Welcome to Friday Fortissimo. This week, we’re celebrating a track from a game well-heralded for its soundtrack: Shadow of the Colossus. Warning: This article contains spoilers!
Shadow of the Colossus is a game that needs almost no introduction. Still, for the uninitiated—Shadow of the Colossus is a 2005 action-adventure boss-rush game developed by Japan Studio and Team Ico for the PlayStation 2. It was remastered in 2011 as a collection for the PlayStation 3, then remade from the ground up by Bluepoint Games in 2018 for the PlayStation 4. Directed by Fumito Ueda, the game is the second in the trilogy-by-association of his three games: Ico, Shadow of the Colossus, and The Last Guardian.
The score, composed by Kow Otani, ably steps between two modes: one epic and adventurous, the other gentle and atmospheric, mirroring the game itself.
A Story of Sacrifice
Shadow of the Colossus’s story is presented with minimal exposition and dialogue; the most explicit information the player is given is that the protagonist, a teenaged boy named Wander, seeks to resurrect a young maiden named Mono who has been sacrificed due to her supposedly cursed destiny. Given a directive from a disembodied voice that identifies itself as Dormin, Wander is told that he can revive Mono, but at a cost—he must exterminate sixteen colossi, massive creatures made of stone and earth.
And so he goes. And in classic Faustian fashion, with every colossus Wander fells, the more sickly he appears, the more demonic his mien becomes. After the final colossi, Wander’s body is fully taken over by Dormin, even sprouting demonic horns, but the ancient sword he was carrying seals Dormin’s presence into the temple, and the bridges that connect the land from the rest of the world collapse.
The credits begin to roll. Then Mono awakens and follows Wander’s loyal steed, Agro, into the temple and finds a small baby boy with a pair of horns. She takes the boy and Agro to the higher levels of the temple and finds a garden, with beautiful greenery and even animals; birds chirp and fly away as a young deer comes to greet her.
And that’s where the titular track of this post begins to play.
I’m always a sucker for the sudden solo piano switch. It’s just a really good way to surprise the audience and impart a feeling of “this is different.” (See “Light of the Seven” from Game of Thrones as a perhaps more modern and culturally relevant example of this.) Every other track in the soundtrack utilizes a full orchestra, and does it well; here, the shift imbues a sense of loneliness. Wander was driven, and had purpose; Mono awakens with little if any knowledge of what has happened, and it’s the source of debate as to whether she recognizes Agro, Wander’s horse, at all. She has a horse, a temple, a baby, a garden… and nothing else.
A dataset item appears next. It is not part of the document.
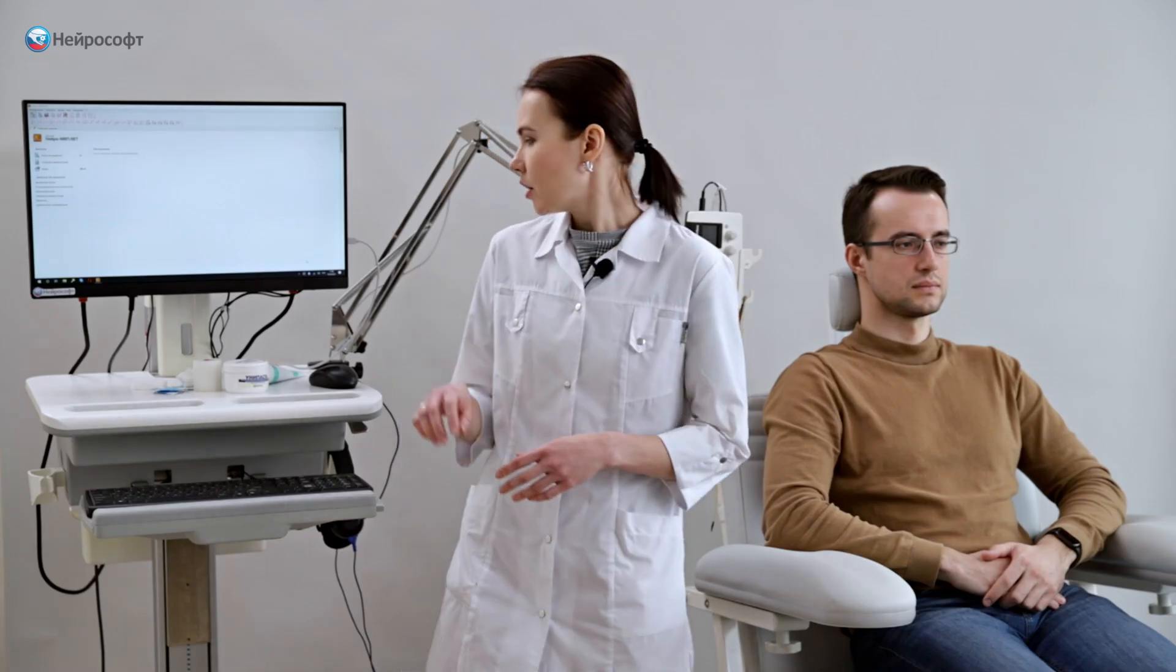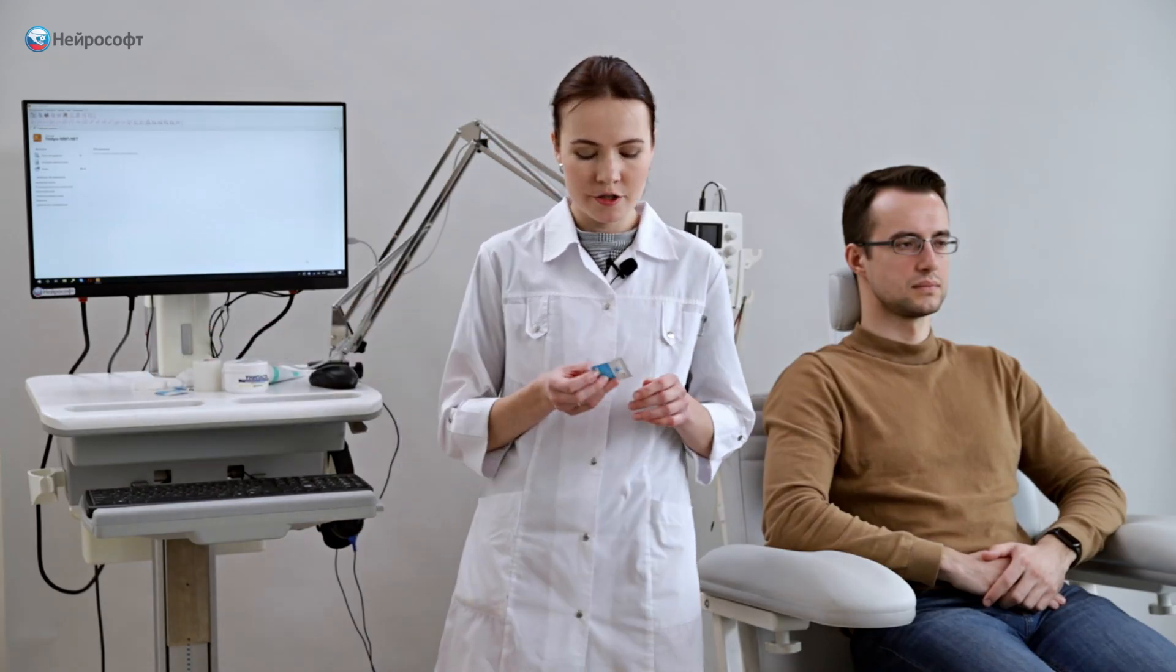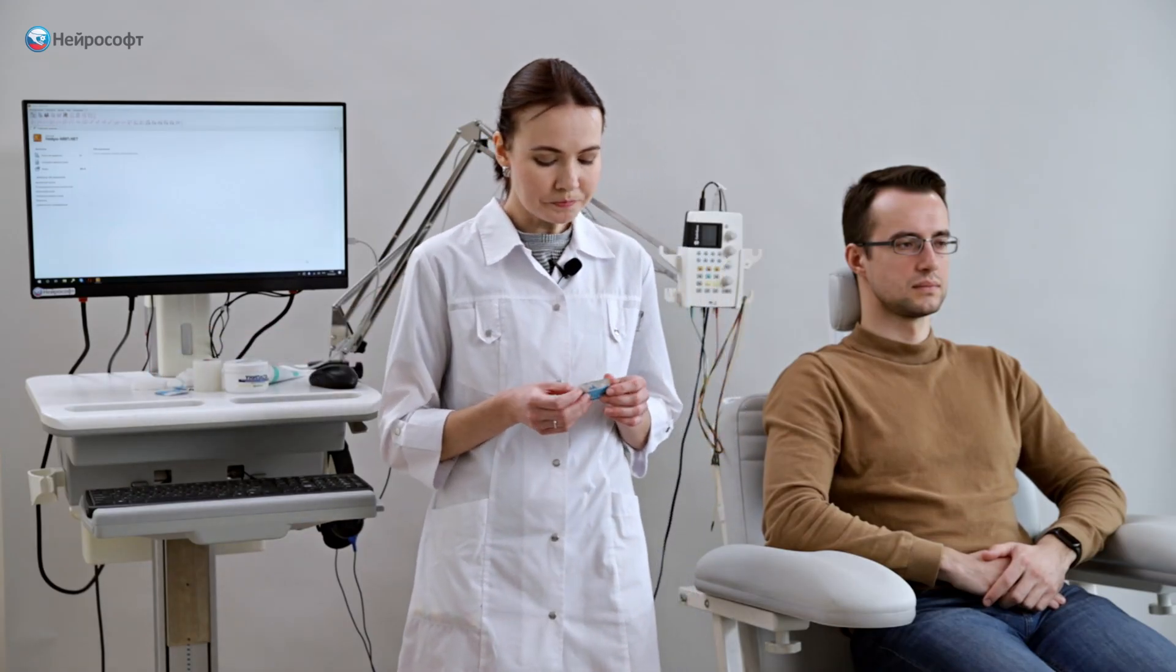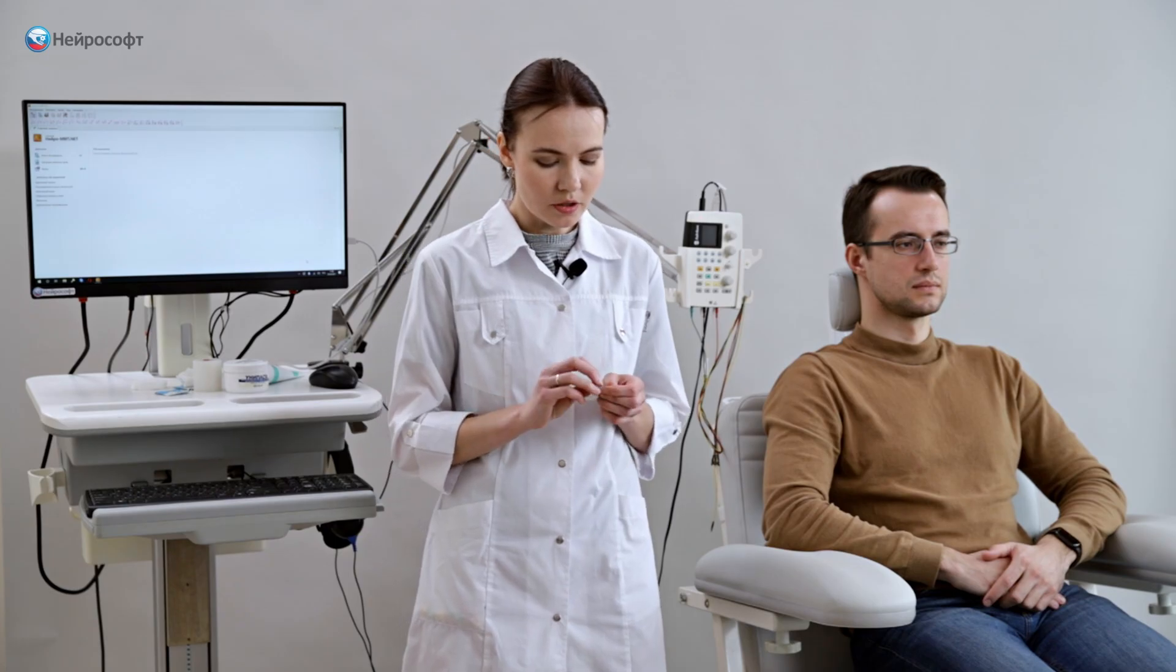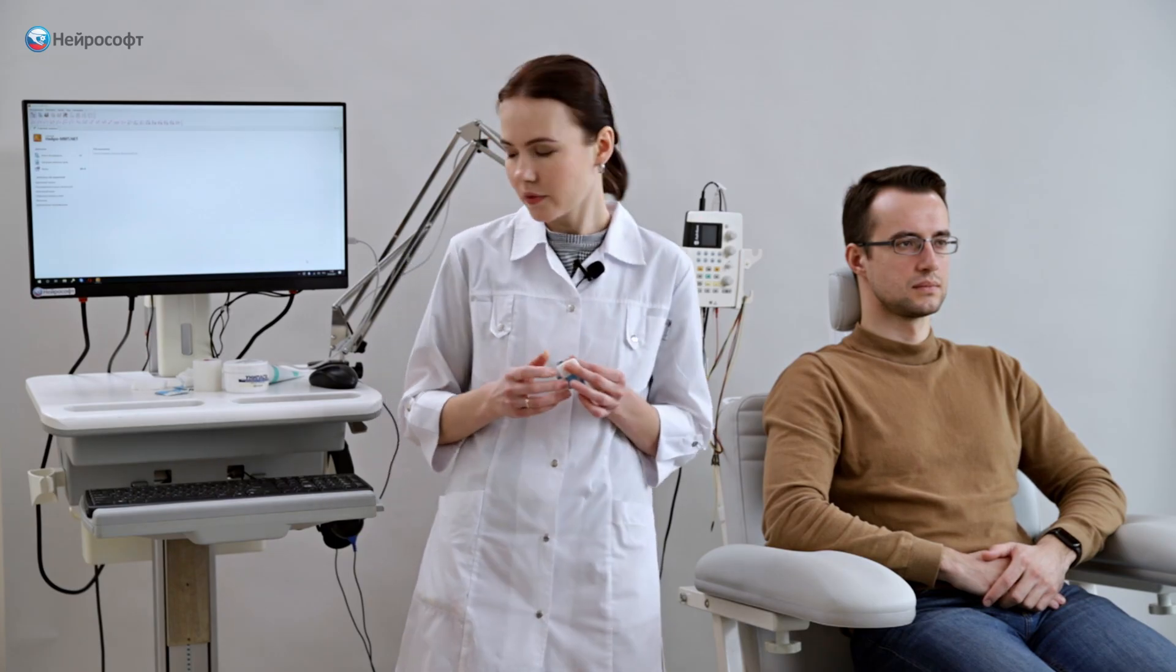We need to prepare the patient's skin. The places where we will position the electrodes, according to the International System 10-20, must first be degreased and then treated with abrasive paste.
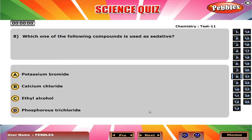Which one of the following compounds is used as a sedative? A. Potassium bromide.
“In the Land of Happiness” (also known as “The Sunlit Earth”) plays just as a young deer approaches Mono, and the camera zooms out following a hawk as we leave Mono, the child, and Agro behind. The song plays out as the camera traces the hawk’s path, the sun dimming and clouding over and finally ending on a shot of a full moon at night before the words “The End.” It’s a track that’s quite short (less than two minutes) and only plays this one time. And yet it’s the track that’s stuck with me more than any other (among many incredible pieces).
In Search of Happiness
Shadow of the Colossus is a game that tells little, allowing the players to infer what they want, and the conclusion follows that beat. Was Wander’s sacrifice all for naught, or will Mono, Agro, and the child find happiness? The game makes it clear that the Forbidden Lands, where the game takes place, have been completely isolated from the rest of the world following the collapse of the game’s iconic bridge. Is Mono destined to live the rest of her life alone, with just the child to keep her company?
In the original, the final shot of the game is of a darkening sky, rain clouds approaching, the quiet pitter patter of rain over the moon. In the remake, the rain is gone, the final shot less ominous. I can’t, with any certainty, tell you what Mono’s fate will be. Does she become the Queen from Ico, somehow cursed alongside Wander, or is that a stretch of a fan-theory? There isn’t, and will never be, a definitive answer.
Still, when I listen to this final piece, I like to believe… that what Mono, Agro, and the child found is, indeed, the land of happiness.